Saturday, November 6, 2010

The Last Dance

1994 was a year of "Lasts."

Mom was diagnosed with cancer in March 1994 although she was first misdiagnosed in January and treated for pleurisy for two months.

One of the hardest things about "Her Cancer Year" was having to work through most of it.  I had returned to my old college job at the video store and worked most nights alone.  By day, I accompanied her and Dad to chemo and radiation appointments when I could.  By night, I would stand at the register crying into my turquoise windbreaker between customers.  The same windbreaker she bought me for my trip the New York only seven months before our lives changed forever.  It was awful.  I could barely function.

One night ~ a couple of weeks before her treatments started ~ I noticed a strange car in the parking lot for hours at work.  A few rows back but facing the store.  The same car was there the next night.  I called the cops, but they basically did nothing ~ said the guy was waiting for someone or something like that.  But my gut told me something was still wrong.  And so my parents played cop for one night and came to the store one hour before closing to guide me home.  

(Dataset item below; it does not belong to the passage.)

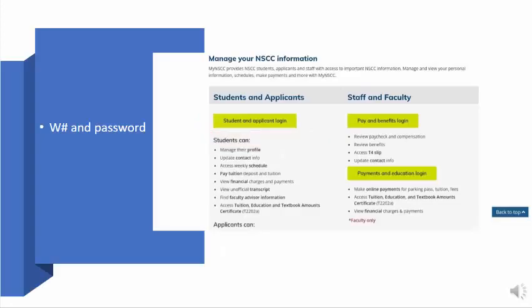This is the main page that you will see no matter how you get here. You log in using your student ID number, which we often refer to as your W number, since they all start with a W, and your password.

Mom and Dad always let us play their old records from the 50s and 60s.  All three of us kids developed a love for music of yesteryear.  I fell in love with Bobby Darin from the time I was only 7 or 8 years old, and at 29 years old now, I would play all of the cassette tapes I could find that duplicated my parents' old albums right there in the little video store.  

And to my amazement, Mom and Dad suddenly started dancing the jitterbug right there in the store.  Only the three of us were there, and they had the stage all to themselves.  And for a moment, we forgot she was dying.  Her treatments had not yet even begun.  The chemo had not made her even sicker than she was right then.  Her hair was still wavy and beautiful.  And there she was dancing with Dad as if it were the first day of the rest of her life.  Because basically it still was.  And that was how she was.  She knew how to live in the moment.

Stage 4 Lung Cancer was not going to stop her from being Marcia for any minute of "Her Cancer Year" ~ She would be there for us right up until the end.

And maybe the guy out in the car was some Angel in Disguise ~ not the bandit we thought he was ~ because there he was ~ watching the store as if it were all meant to be. 

Bobby Darin sang in the background while my parents danced their last dance together.

And for those three glorious minutes, the world was still magical and not so scary.